I routinely set control points (in relatively clear places) with my Leica 1200, then later occupy those control points with a total station. The typical difference is 0.01 feet, and if I ever saw more than 0.025 feet I would start over. I've also taken the 1200 to a measured baseline and consistently saw the same 0.01 feet. All shots taken five times, one after another and averaged, using a bipod.
A horizontal difference of 0.10 feet means something is wrong with either the equipment or the procedure, or both.
If I used NRTK to set control points, I would hold a "midpoint" between the two network pairs in order to better isolate each ones corresponding error. Both Network Pairs have error (way more error than your total station, but I am neither going to ague for that nor say NRTK does not make good control). I would leave you receiver on the backsights while you are working and post postprocess when back at the office.

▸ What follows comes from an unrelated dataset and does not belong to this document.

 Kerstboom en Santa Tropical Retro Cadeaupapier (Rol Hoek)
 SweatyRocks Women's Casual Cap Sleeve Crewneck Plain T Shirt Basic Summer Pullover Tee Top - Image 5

so if I set 2 points with my gps rover
Come on, Mr. Jakehart,
As Hi-Staker said, "it depends". You have to be a little more forthcoming with your data. Your statement leaves out a lot of information.
I know nothing about you and how you go about doing what you do, so no disrespect is intended or implied. I do not know anything about the project that you reference nor what specifications the project demands. Maybe a tenth of a foot is more than good enough. I don't know. There is a guy on U-tube doing traverses with sticks in the ground, fer krissakes.
I know the limits of my equipment and my processes and do exactly what you describe on many of the projects I do. I don't have the time, expertise and budget on any of my projects to seek one hundredth of a foot results with my RTK systems. Except maybe that "GPS on BM" point that I did a year or so ago. I expect better than a tenth of a foot, however.
I don't post-process any of my data. I will send data to OPUS and DPOS if I need ties to a particular coordinate system.
So, if are you just looking for some spirited banter on the subject, job well done. Lots of great ideas out there, as usual.
I love this place.
JA, PLS, SoCal
Are you using your GPS in a ground system or a grid system?
Is geodetic distance synonymous with grid distance?
Have you baselined your total station?
Baselined as in checked on a calibration range? In 1994 we used a Topcon GTS-4A for an FDOT project, and we had to check the instrument on a calibration range before starting the project. We removed a side panel on the instrument and set a series of DIP switches to their proper positions.
Mr field hound,
Your questions lead to many other questions.